SET UP & SITE
Let's compare the just-opened Porch to its impressive established near-neighbour, St Heliers Bay Bistro. Hip Group, owners of St Heliers Bay Bistro and other excellent waterside cafes at Kohimarama and Takapuna, have long been the arbiters of good in the city's once-appallingly moribund waterfront brunching experience. Is it a wise idea for a new establishment to attempt to take on such a strong competitor, just a few doors away? Porch has an immediate disadvantage in its building design, which, unlike the brilliant, sunny, inside-outness of its near competitor, offers two distinct dining experiences - the haves, at the strip of tables outside in the bright summer light, and the have-nots, inside in the air-conditioned half-light. We started inside but a table soon came free outside, and the move was worth at least an extra half point, possibly more, on this review's final score.
SUSTENANCE & SWILL
A good menu tells you much about a place: the thought that's gone into its design, the quality of the language, the ingredients themselves. There's a lovely feel to the Porch menu, which makes you feel like you're in the hands of professionals, but not uptight professionals. There are names like "The Usual" and "Bowl-o-rama", and there are descriptions of subtle humour like "porched eggs". I ordered the hash benedict, which came with rocket, chipotle hollandaise and a choice of pulled pork, bacon or salmon. The flavours were great, although my pork was a little dry, and a friend had ordered the same dish but with bacon and was so obtusely happy with his choice that I couldn't help feeling a little sad about my own.

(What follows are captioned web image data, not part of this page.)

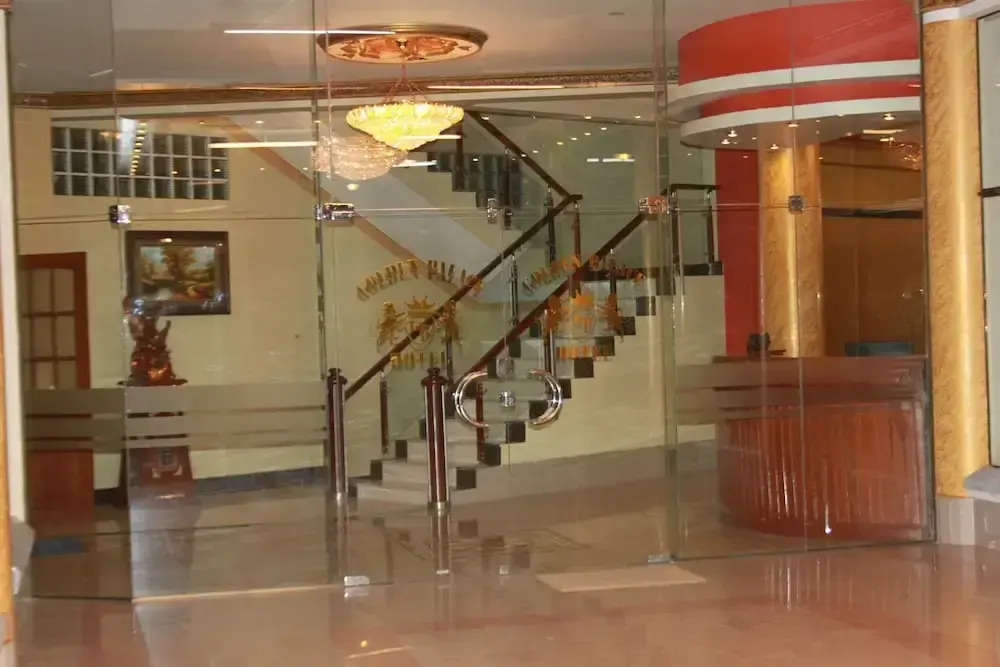 Golden Palace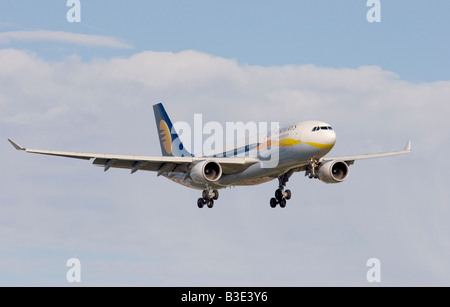 Jet Airways Airbus A330-202 Landung am Flughafen London Heathrow Stockfoto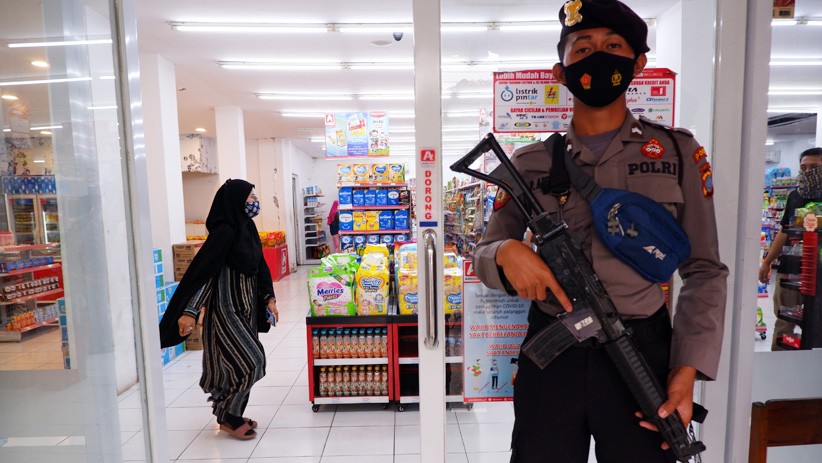 Antisipasi Penjarahan, Toko Ritel di Mamuju Dijaga Polisi Bersenjata - Bagian 1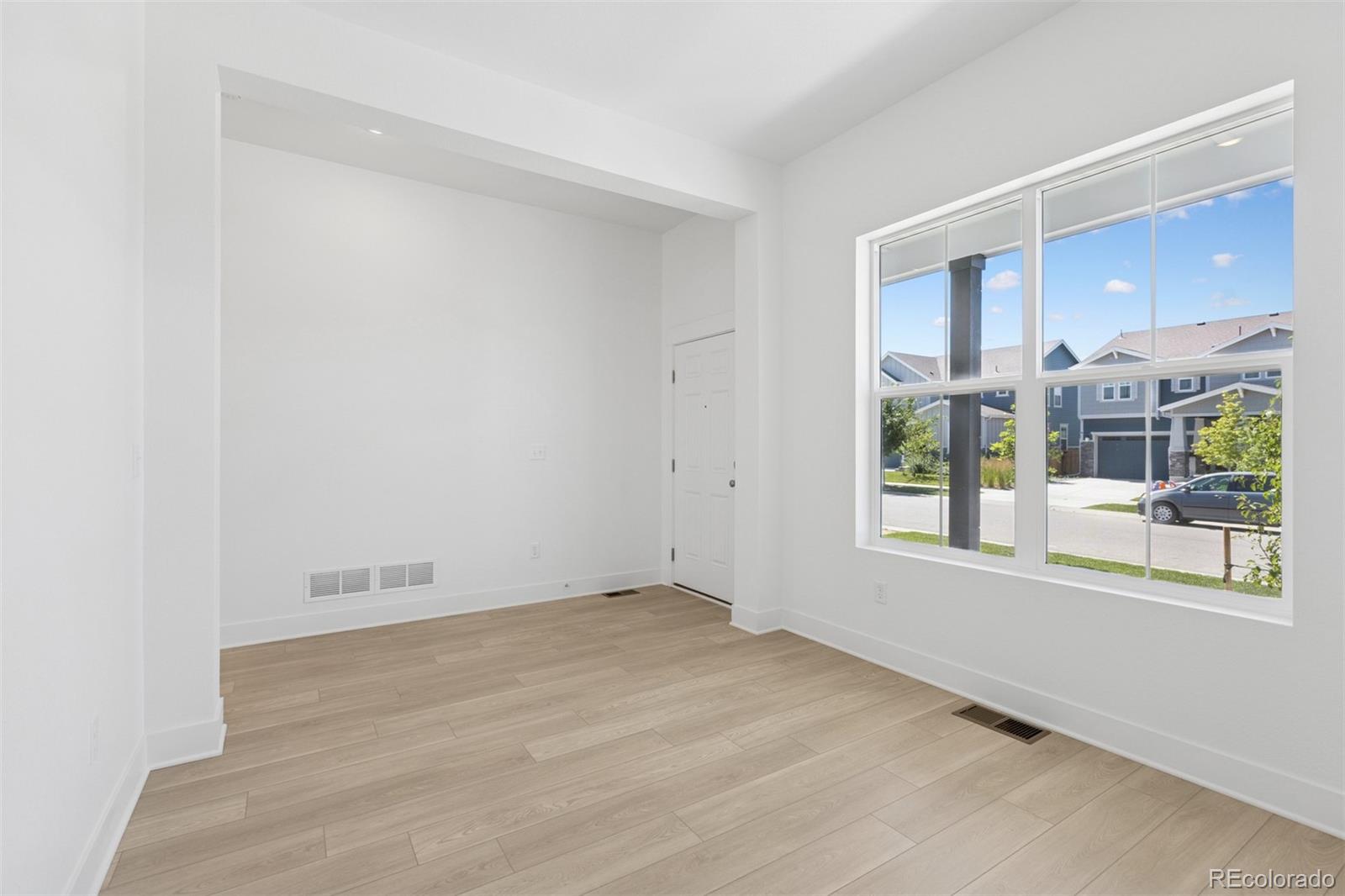MLS Image #7 for 21065 e 61st drive,aurora, Colorado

The trouble is, if something's a little bit off at Porch, you won't be able to help wondering whether you might have been better off at St Heliers Bay Bistro. The others at our table both had the Bowl-o-rama and were delighted by it, with its bright, clashing colours of poached eggs, avocado, halloumi, quinoa, hummus and pickled vegetables. They both ordered hash browns as extras, which made the dish a little browner and a lot less self-righteously healthful.
SERVICE & OTHER STUFF
The St Heliers Bay Bistro is sometimes a victim of its own popularity, characterised by long waits, a feeling of claustrophobia, the din and crush of the crowd. Those are not yet problems at Porch. On the hot, late, Sunday morning we went, it was reasonably well populated, but felt relaxed and languid, like a good beach dining experience usually doesn't. It's likely this won't last. St Heliers, for so long so woefully served by their dining establishments, now has two very good choices.